Gilberto Freyre (Recife, 1900 – Recife, 1987) foi um dos maiores pensadores e intérpretes da brasilidade. Autor de dezenas de livros sobre variados temas, em geral relacionados ao Brasil e, também, ao Nordeste e a Pernambuco especificamente, ele conciliou, erudita e magistralmente, uma abordagem universalista com temáticas locais e regionais, contribuindo para redefinir o entendimento predominante de Brasil.
O fio condutor do pensamento de Freyre é a dialética entre identidade e mudança, entre os modos existenciais específicos ao Brasil, construídos e adaptados no decurso histórico, e os processos de modernização que modificam os contextos e apagam ou ressignificam os elementos tradicionais. Não há, em Freyre, nem saudosismo nem futurismo. Ele propõe ao Brasil justamente uma modernização sui generis, em que o inevitável alinhamento do País às novas tendências mundiais não implicasse na perda da identidade, de modo a possibilitar a “conciliação do desenvolvimento técnico com alguns dos valores tradicionais característicos do Brasil” (NMT[1], p. 317). Um Brasil moderno e ainda assim brasileiro, e justamente por isso ainda mais brasileiro e capaz de se converter em farol civilizatório do mundo moderno, eis o que ele defende.

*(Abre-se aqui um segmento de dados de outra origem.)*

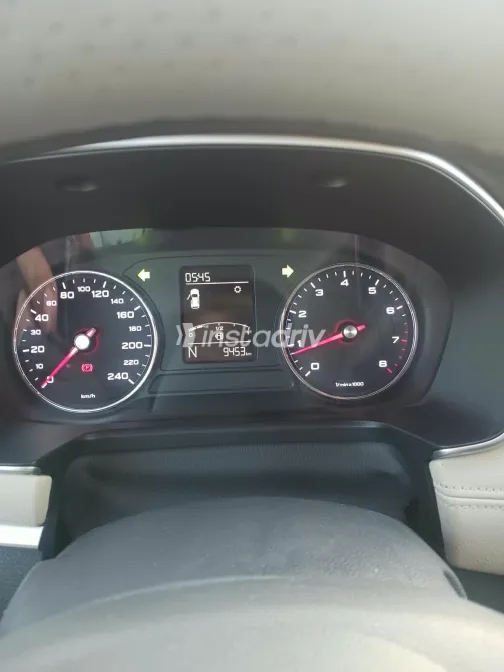 MG Rx5 2023 White Automatic Used for Sale in Greater Cairo ( Cairo + Giza) - 5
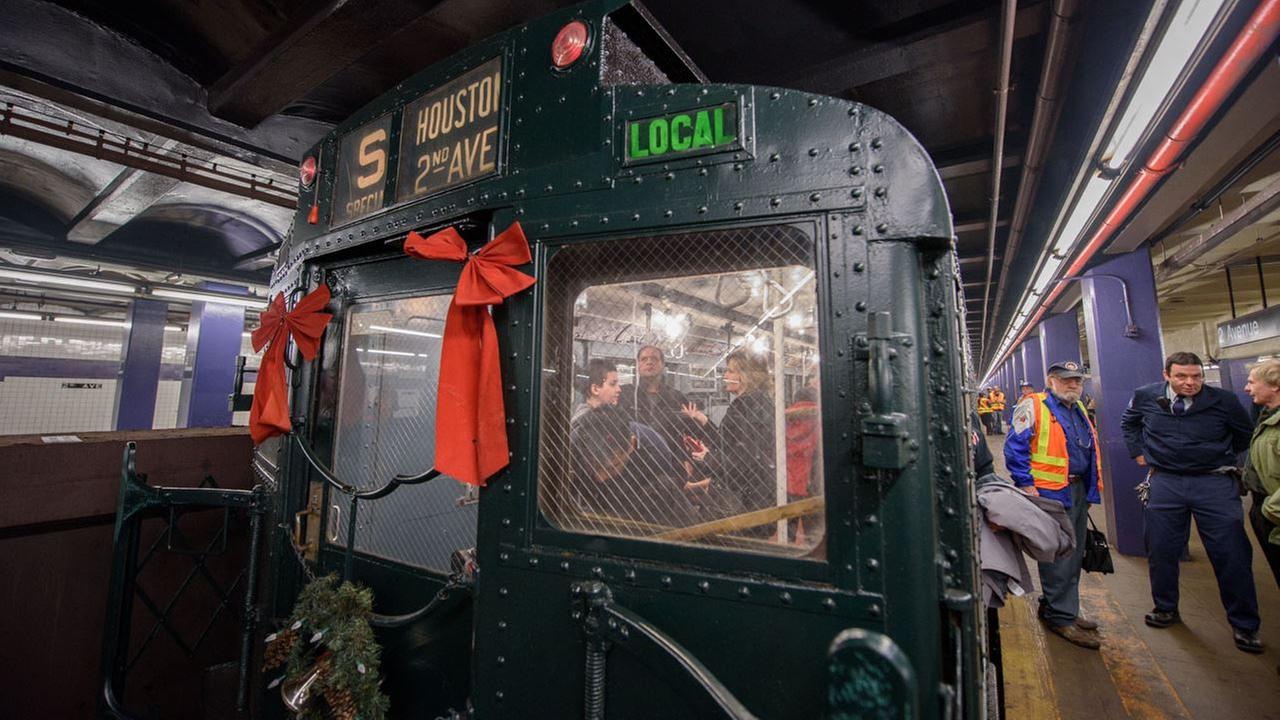 This is what it's like to ride MTA's holiday 'nostalgia train' (and how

Em que consistiria, pois, a identidade brasileira? Para Freyre, o Brasil, tendo sido construído por portugueses, africanos e ameríndios e carregando muito viva a herança de cada um desses elementos, não se reduziria a nenhum deles. O Brasil não seria uma transplantação de outro povo tampouco uma justaposição de enxertos, mas, sim, um “novo mundo nos trópicos”, uma civilização tropical e original que, “sendo decisivamente europeia e cristã em suas características principais, não tem procurado permanecer, nem permanece, exclusivamente europeia e cristã em seus estilos de vida” (NMT, p. 188). O Brasil seria a primeira civilização tropical existente, nascida do expansionismo português.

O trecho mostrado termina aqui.